Parents, teens should discuss dangers of file-swapping
By Karen Thomas
Copying files from other people's computers raises copyright and ethical concerns as well as privacy and security issues.
You don't want strangers snooping around in your PC and gaining access to files. Or destroying information on your hard drive.
That's why parents need to talk with their teens about tech.
But talking about online habits can be difficult, says Anne Collier, creator of NetFamilyNews.org, a weekly online newsletter. "It's too hard to explain to Mom and Dad what they're doing online, and it's just daunting. ... Even though more parents are becoming aware of file sharing, it's still not top-of-mind for them."

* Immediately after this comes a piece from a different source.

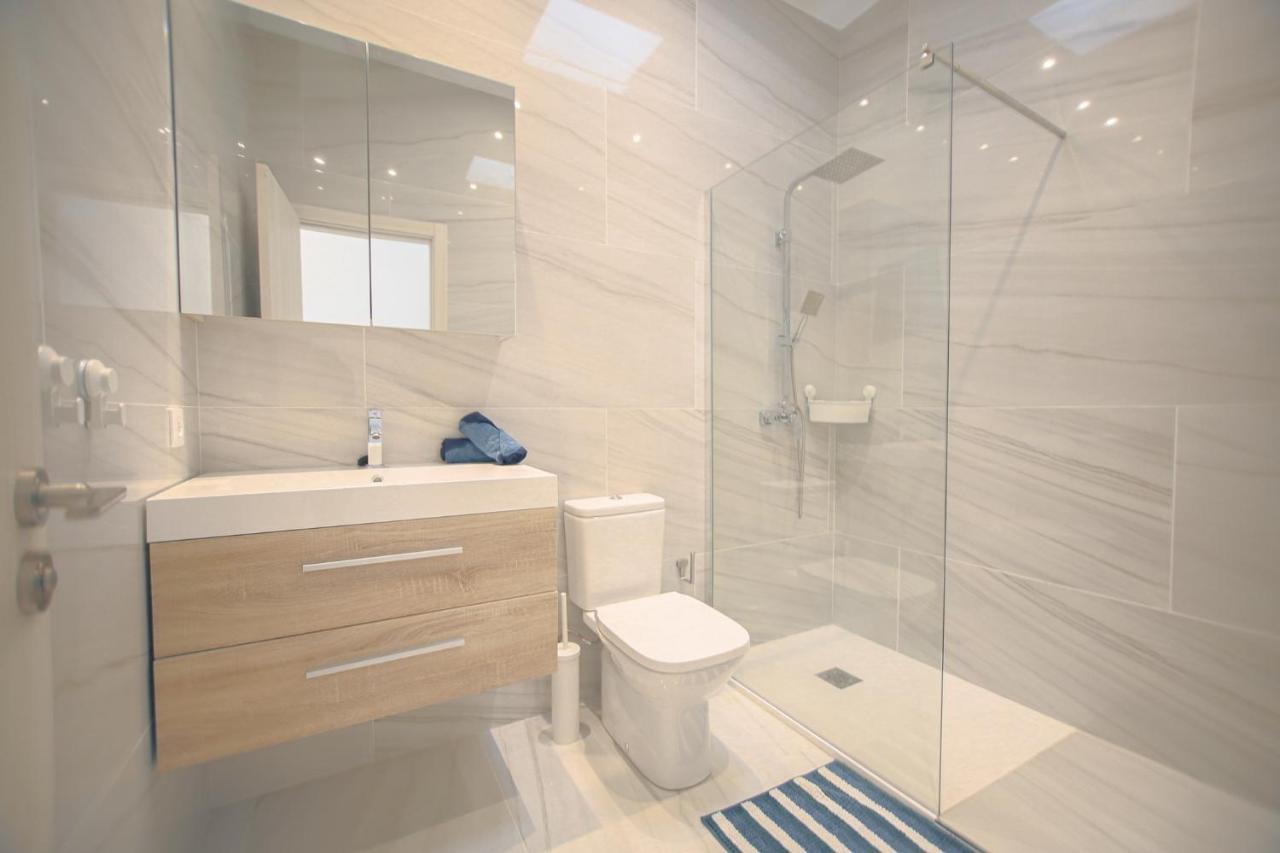 شقة بويرتو ذيل كارمين  في Atlantico Plaza 3A - 2 Beds - 2 Baths المظهر الخارجي الصورة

It should be. Dozens of online companies, such as KaZaA (www.kazaa.com), LimeWire (www.limewire.com) and Gnutella (www.gnutella.com), offer networks for peer-to-peer file sharing, or P2P. P2P software allows an individual on a home PC to connect directly to the computers of other people they don't know and make copies of their files. When your computer is online, others have access to your files, too.

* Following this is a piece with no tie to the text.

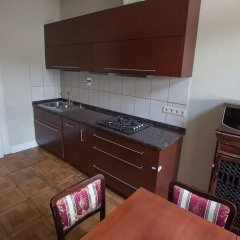 Апартаменты Old Town Klaipedos Street Apartment в номере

According to market research firm Ipsos-Reid, some 40 million Americans 19 percent of those ages 12 and older use P2P software. Dozens of private P2P networks now allow fans to pass files back and forth.
While some online files may be original creations posted by the copyright holder (a home-recorded original song, for example), many files are illegal. In addition to music, videos and commercial movies, some users of file-sharing programs trade in "warez" (pronounced "wares") slang for commercial software that's been pirated and posted online. Viruses and porn also are common.
Yet until there's a problem, many parents don't even know their kids have installed a P2P program.
Among specific concerns:
Security breaches. A report from Hewlett-Packard's HP Labs this summer cited a study that assessed the security problems with KaZaA. "A parent (with) ... a secure ... connection to a corporation for downloading and working on important confidential files, (could) have them inadvertently shared by a teenage son or daughter, without either party's knowledge," the report says.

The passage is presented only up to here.